Carnac : des associations s’opposent à « Menhirland »

Le Journal des Arts

Le 27 septembre 2002 - 365 mots

Après des années d’opposition larvée entre l’État et les riverains des mégalithes de Carnac, le conflit a éclaté. Des associations locales hostiles au projet de réaménagement du ministère de la Culture ont symboliquement rouvert les grilles qui fermaient l’accès aux menhirs.

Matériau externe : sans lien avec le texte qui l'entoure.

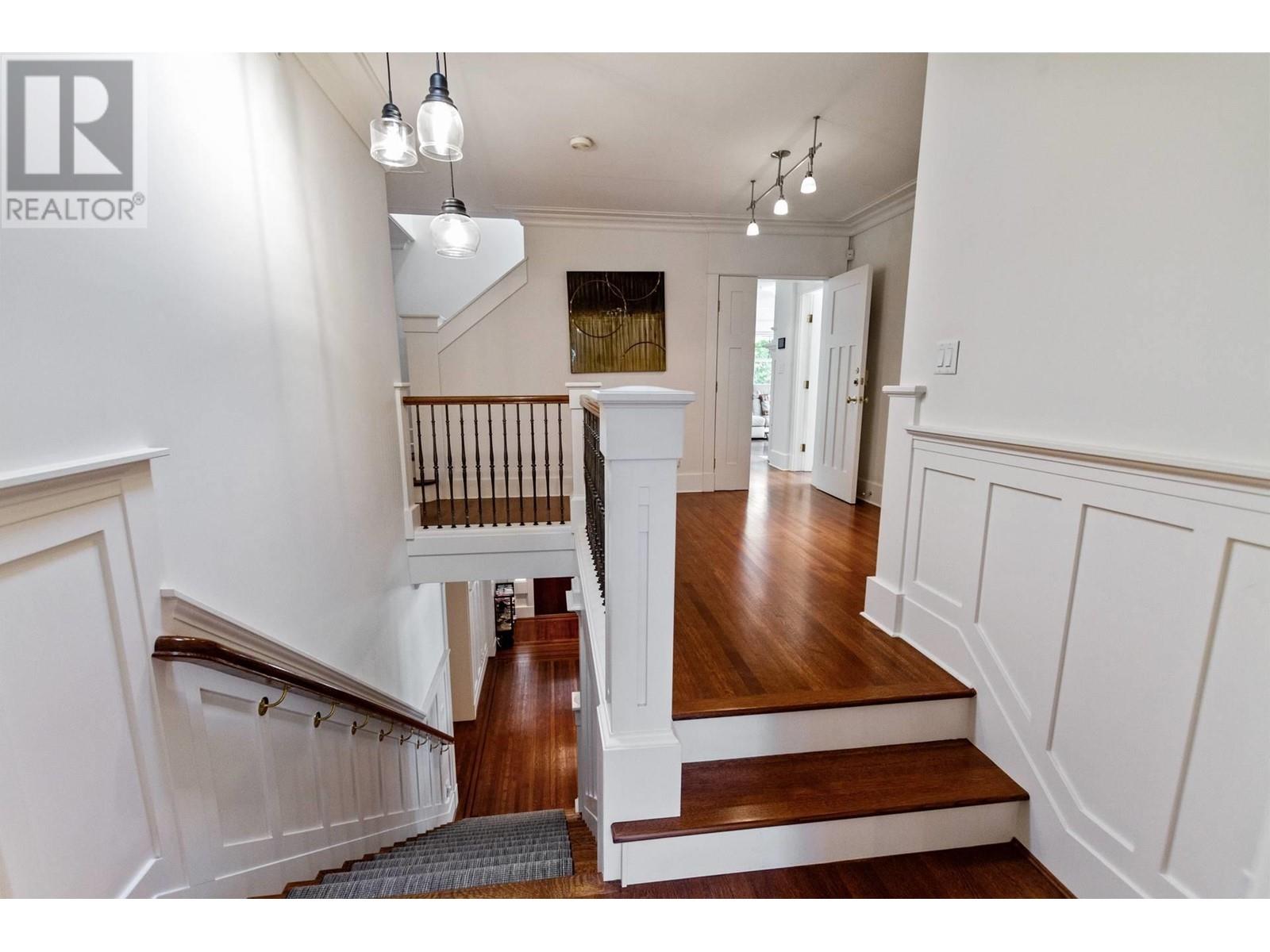 Listing Picture 15 of 36 : 3835 SELKIRK STREET, Vancouver / 溫哥華 - 魯藝地產 Yvonne Lu Group - MLS Medallion Club Member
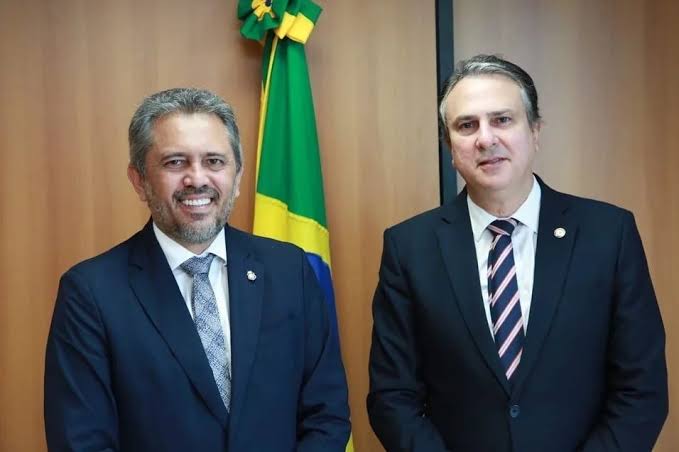 Camilo Santana e Elmano cravam nota máxima no Enem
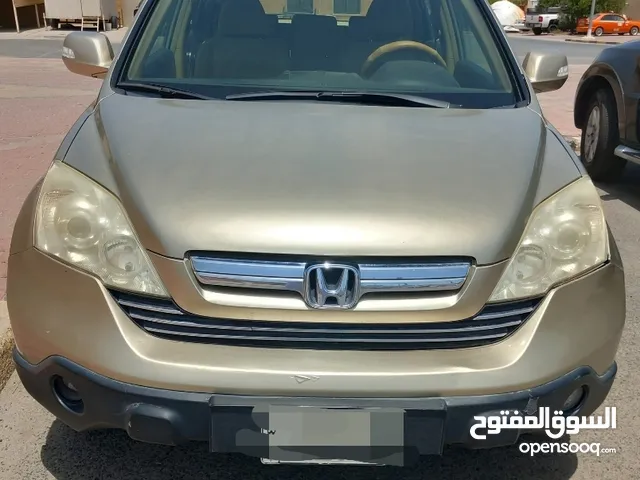 Used Honda CR-V in Mubarak Al-Kabeer
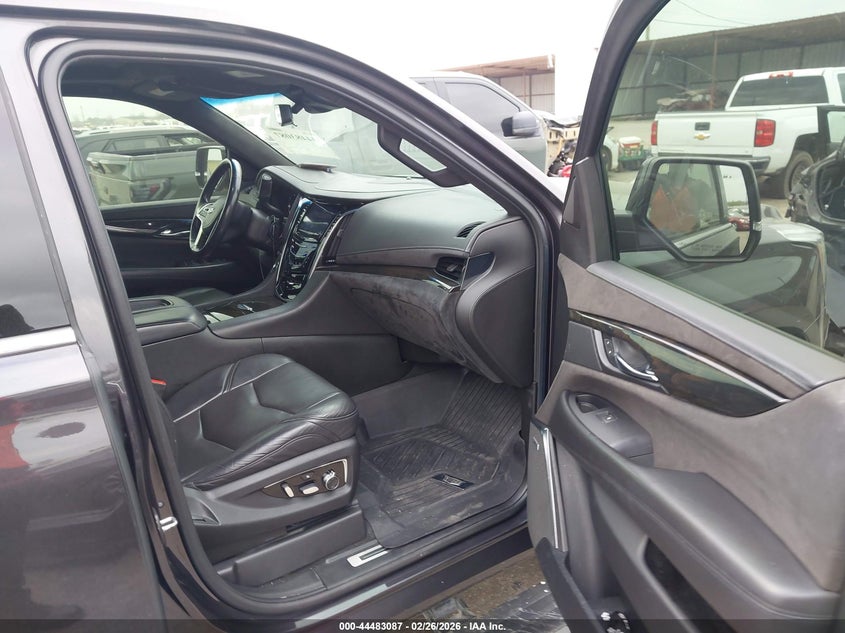 2018 Cadillac Escalade Platinum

CARNAC - Depuis le 25 août, des militants associatifs bretons occupent le site des alignements mégalithiques de Carnac, dans le Morbihan, en réclamant l’abandon du projet du ministère de la Culture, déclaré d’utilité publique en 1997. Celui-ci prévoit la création d’une zone protégée autour des menhirs, d’un grand parking, de boutiques, d’une cafétéria, mais également la déviation d’une route et l’expropriation de plusieurs maisons riveraines du site. Pour marquer symboliquement leur action, ils ont réouvert pendant quelques jours les grilles qui depuis dix ans cernent les menhirs. Pour les responsables du site géré par le Centre des monuments nationaux, il s’agissait alors de lutter contre le déchaussement des menhirs, provoqué selon eux par la fréquentation touristique. En réalité, le désherbage radical auquel il avait été procédé quelques années auparavant avait largement contribué à cette érosion.

L’association Menhirs libres, à l’origine de ce mouvement de protestation, est soutenue notamment par diverses associations bretonnes mais aussi par la Confédération paysanne et les Verts. D’après ce collectif, qui exige l’arrêt immédiat des expropriations, l’État a déjà acheté plus de 40 hectares à l’amiable et souhaite en acquérir 86 autres dans le cadre de la première phase du projet qui concerne deux des trois alignements de Carnac. Le département a pour sa part déjà acquis plus de 40 hectares et en convoite 60 autres. Pour la deuxième phase du projet, qui concerne le troisième alignement, de nombreux autres terrains et habitations doivent être expropriés. La perspective de transformer tout le périmètre des menhirs en une vaste zone touristique, vidée de tous ses habitants, inquiète à juste titre les associations. D’autant plus que le ministère de la Culture avait manifesté le désir de raser des maisons du XVIe siècle pour restituer au site un hypothétique état originel. L’enjeu de ce conflit dépasse le simple cas de Carnac : faut-il se résigner à voir le patrimoine, et notamment les monuments et sites les plus célèbres, transformés en parc d’attractions ?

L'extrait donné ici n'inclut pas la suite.